Live Free, Play Hard
Vocalist Paul Rodgers and Kossoff ran in the same circles and had met many times, but hadn’t yet played together. When they finally did in 1968, it was a transformative experience. “The first official time I met him I was playing in a blues club called the Fickle Pickle in Finsbury Park,” Rodgers told Premier Guitar in a recent interview. “I had a blues band at the time called Brown Sugar. We used to do two 45-minute spots with a break in between. Koss came up for the second set and said, ‘I’d like to come for a jam.’ I said, ‘Have you got a guitar with you?’ and he said, ‘Yeah, I’ve got my Les Paul in the car.’

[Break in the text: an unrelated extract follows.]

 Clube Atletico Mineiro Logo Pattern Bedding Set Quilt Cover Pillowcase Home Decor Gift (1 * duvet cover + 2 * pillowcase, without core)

So he brought his guitar in and we jammed—a really heart-stopping jam. We did ‘Stormy Monday Blues,’ B.B. King, and a couple of other things, and it was like time stood still. It was such an amazing thing that when we came off stage I said to him, ‘Man, we have to form a band.’ The seeds of Free were born right there.”

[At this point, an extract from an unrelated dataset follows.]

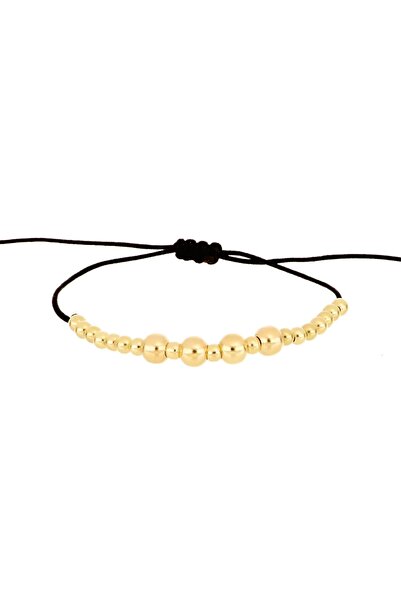 MOHI Fine Jewellery Bratara snur cu bile din aur galben de 14k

The members of Free were remarkably young when they formed the group. Kossoff was 17, Rodgers and Kirke were 18, and bassist Andy Fraser was a mere 15. Despite this, each member already had a taste for the road after serving in other bands.

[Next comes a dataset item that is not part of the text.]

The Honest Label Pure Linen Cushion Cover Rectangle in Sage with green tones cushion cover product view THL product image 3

“We used to listen to Albert King and B.B. King—especially B.B. King’s Live at the Regal and Albert King’s Born Under a Bad Sign—and we’d say that the two of us made one of them.” — Free vocalist Paul Rodgers

What bound Free more than anything else—especially Kossoff and Rodgers—was their unconditional love of the blues. “We used to listen to Albert King and B.B. King—especially B.B. King’s Live at the Regal and Albert King’s Born Under a Bad Sign—and we’d say that the two of us made one of them,” Rodgers recalls with a laugh. “The way B.B. or Albert would play and then answer themselves, we kind of picked up on that and consciously tried to emulate that and incorporate it into the music we did.”

Still without a band name, the quartet booked their first show at a modest club in London, where one of the kings of the nascent British Blues scene offered to help them out. “Alexis Korner had a band called Free at Last,” Simon Kirke said in The Beat Goes On and On. “When he saw us at the Nag’s Head in Battersea after our first rehearsal he suggested that, but we kind of whittled it down to Free.”

With a little help from Korner, Free inked a deal with Island Records. Their first album, Ton of Sobs, was in the canwithin six months of the band’s formation. For the sessions, Kossoff brought out a duo of Les Pauls, including a now-fabled late-era sunburst model, which was later stripped and painted black, as well as a black three-pickup custom. Along with the likes of Clapton, Page, and Keith Richards, Kossoff did much to popularize the defunct ’burst line of Les Pauls.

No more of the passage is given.